In the preseason, Alarcon helped UP win its first Filoil EcoOil Preseason Cup title and was named the tournament's MVP. UP started Season 86 5–0 with a win over the UST Growling Tigers in which he had 21 points, four rebounds, and four assists. He then followed it up with a near double-double of 10 points and eight rebounds in a win over DLSU. Once again, UP made the finals, this time against DLSU. In Game 1, he tied his season-high of 21 points as they won by 30 points over DLSU. He also helped hold DLSU's MVP and former teammate at NU Kevin Quiambao to 11 points on 40% shooting. However, DLSU won the next two games, making UP runners-up once again.

==== 2024: Second UAAP seniors' championship ====
Once again, Alarcon was key in UP defending its Filoil preseason title. In the first game of Season 87, he helped UP come back from being down by 22 in the first quarter against the Adamson Soaring Falcons with 14 points and eight rebounds. Against UST, he scored 16 points on 50% shooting to give UP a 6–0 start to the season. Their winning streak was snapped against DLSU despite his 19 points, five rebounds, and three steals. On November 20, 2024, he scored his college career-high of 33 points in a win over the UE Red Warriors. In the Final Four, he led with 16 points against UST as they reached the finals for the fourth straight season.

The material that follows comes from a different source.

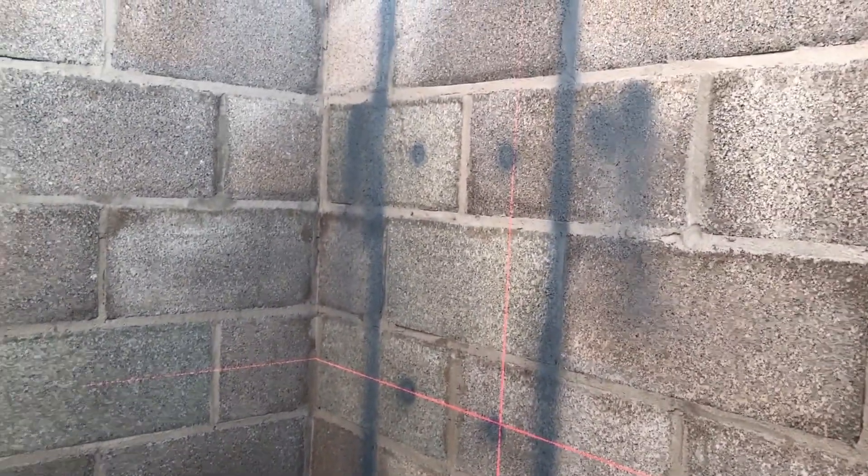Hello, welcome back to Call Your Pond. On this episode we're going to be doing Pipe Returns. As you can see, I'm just marking up with my laser level now.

This time, UP was able to reclaim the championship.

==== 2025: Final season ====
Right after winning the Season 87 title, Alarcon confirmed that he would return for his final season. Also playing alongside him in their final seasons were Abadiano, Fortea and NU transferees Janjan Felicilda and Reyland Torres. With their NU connections, they became known as the "Maroon 5".

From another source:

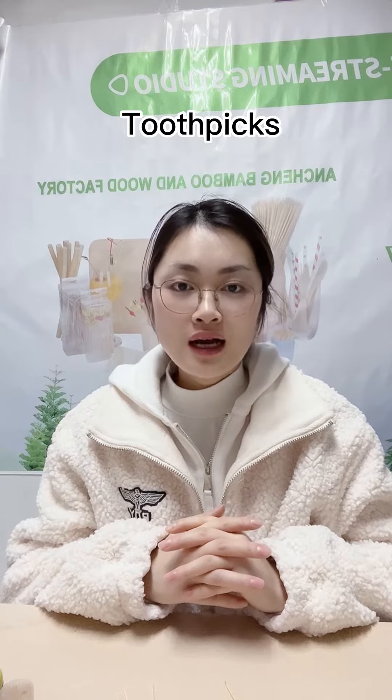Hello friends, this is Krizo from Harveycraft Tableware Company. Today we will introduce our toothpicks.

After UP started Season 88 0–2, Alarcon led them to back to back wins. He then came off the bench for 17 points, five rebounds, and four assists in a win over Ateneo for UP's third straight win. He scored 24 points in a win over NU. Against UST in the elimination round, he hit seven clutch points including the go-ahead jumper with only 22 seconds left to lead UP to the win. In the Final Four against UST, he led the team with 22 points as UP returned to the finals for the fifth straight season.

Once again, UP faced DLSU in the finals. In Game 1 of the finals, he had a college career-high 34 points on 12-of-22 shooting, however DLSU won 74–70. DLSU eventually won the finals in three games.

== Professional career ==
On January 17, 2026, Alarcon, along with college teammates Abadiano, Torres, and Fortea, all signed with the San Juan Knights in the MPBL.

== National team career ==

=== Junior national team ===
Alarcon was invited to be part of the Philippines' training pool for the 2018 FIBA Under-17 Basketball World Cup.

== Personal life ==
Alarcon is currently dating Roma Doromal, a professional volleyball player. He has a sister, Hannah May Alarcon.